Ce concept se justifie au regard de l'étendue des domaines où la Chine est devenue le premier producteur mondial : l'acier, le charbon, le ciment, le textile et le vêtement, les chaussures, les jouets, les télévisions, les ordinateurs portables, etc. Cette évolution s'appuie très largement sur des flux d'investissements directs étrangers, pour moitié en provenance de la diaspora chinoise, justifiés par le faible coût de la main-d'oeuvre, mais aussi par la perspective de conquérir un énorme marché, ainsi que, pour les sous-traitants, par la nécessité de suivre leurs donneurs d'ordre.
L'ambition des autorités chinoises consiste, pour l'avenir, à développer des grands groupes à l'international, avec comme objectif d'avoir deux ou trois champions nationaux par grand secteur stratégique et de passer ainsi du « made by China » au « made in China », afin de lutter contre les faiblesses actuelles des groupes industriels chinois : taille limitée, insuffisance des efforts de recherche-développement et structures de management et de financement peu claires.
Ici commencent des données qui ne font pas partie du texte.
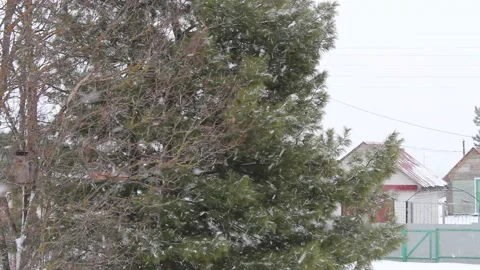 Flying snowflakes in heavy snowfall and blizzard Stock-Footage 180540492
Pour de nombreux observateurs, la Chine deviendrait ainsi, d'ici à 2010, le troisième exportateur et importateur mondial, et la concurrence chinoise touchera aussi bien le Mexique, la Thaïlande, le Maghreb et l'Europe de l'Est que les économies occidentales, ce qui pose d'ailleurs, avec une acuité croissante, la question de la sous-évaluation du yuan.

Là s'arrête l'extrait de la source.